With my online exhibition now in its third week (see it here), the crush of completing the work and photographing it, getting the word out, is largely behind me; most of the responses I can expect have come and gone, as life returns to its quotidian ripples. I've thought of all my other artist friends who work toward shows, mount exhibitions, put out the press, and then take it all down and start again. Our productive lives are necessary to us and so unnecessary in the grand scheme; or that is how it seems. I am reminded of the admonishment by Lao Tzu in the Tao te ching: To live long, be of no use.

Today I recieved a response to the work from a special friend who has also been a model and a mentor to me over the years, Judith Serin. Judith is a poet, fiction writer, and consulting editor. Her latest collection of poems is Hiding in the World (Eidolon) (click here for a link to see or purchase the book). Judith has also published an artist's book and a chapbook, both with Deconstructed Artichoke Press. Judith is a professor of literature and writing at California College of Arts in Oakland, CA.

Judith has known my work for decades now and is a close reader.

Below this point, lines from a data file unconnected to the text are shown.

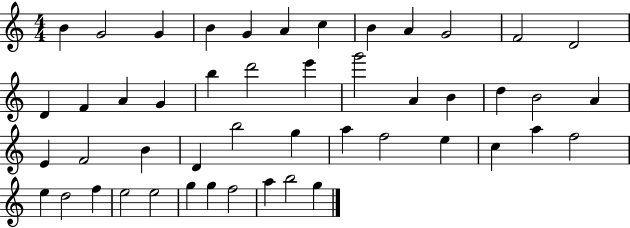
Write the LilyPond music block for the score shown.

{
  \clef treble
  \numericTimeSignature
  \time 4/4
  \key c \major
  b'4 g'2 g'4 | b'4 g'4 a'4 c''4 | b'4 a'4 g'2 | f'2 d'2 | \break d'4 f'4 a'4 g'4 | b''4 d'''2 e'''4 | g'''2 a'4 b'4 | d''4 b'2 a'4 | \break e'4 f'2 b'4 | d'4 b''2 g''4 | a''4 f''2 e''4 | c''4 a''4 f''2 | \break e''4 d''2 f''4 | e''2 e''2 | g''4 g''4 f''2 | a''4 b''2 g''4 | \break \bar "|."
}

She asked me in particular about the piece below, asking if I'd read "Ocean of Earth" by Guillame Apollinaire, which I had not; I have added the text of this poem below the photo, and I won't attempt to comment upon it, except to say how remarkable it is: a wave carries along with it something that has been to sea, almost to shore, and back again, the way our ideas cycle through us and each other, across time and space - the marvel of eternal return. 

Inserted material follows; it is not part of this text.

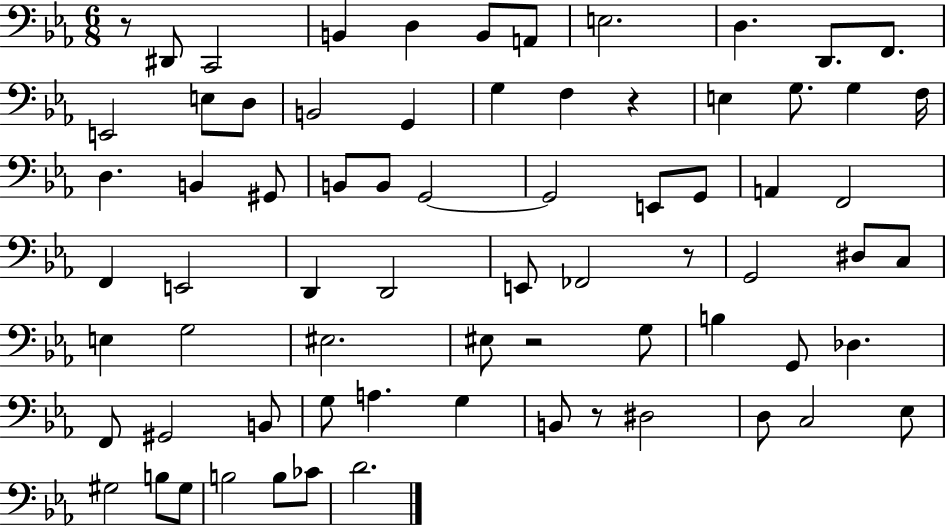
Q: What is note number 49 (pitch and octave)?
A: Db3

Ravenna Taylor, "Instrumental Dwellings 2," 2012, collage, 13.5 x 14 inches

"Ocean of Earth," Guillame Apollinaire

to G. de Chirico

I built a house in the middle of the ocean
Its windows are rivers which flow out of my eyes
Octopus stir all around its walls
Listen to the triple beat of their hearts and their beaks which
  tap on the window panes
                      Humid house
                      Burning house
                      Rapid season
                      Season which sings
         Airplanes drop eggs
         Watch out for the anchor
Watch out for the ink which they squirt
It's a good thing you came from the sky
The honeysuckle of the sky climbs up
The earthly octopus throb
And then we are closer and closer to being our own gravediggers
Pale octopus of chalky waves O Octopus with pale beaks
Around the house there is this ocean which you know
And which is never still

Translated from the French by Roger Shattuck
This translation was found online via Birds, Beasts, and Seas: Nature Poems from New Directions, by Jeffrey Yang.


  1. Reading this poem, it seems as though your piece was made in response to it. Each enhances the other. It's a beautiful partnership.

    1. It really is as if one had been made upon seeing the other, and the "influence" might be read from either direction. I'm amazed and slightly awed by the sense of comraderie with a poet of the 19th C., whose work I haven't read. I write poetry, and read poetry; but I haven't studied poetry and am not well cultivated in its movements and history. But I feel about this poem a little as I feel when standing in front of a painting by Cezanne, looking at the little marks from his brushes and imagining his arm as he made them, knowing what that feels like.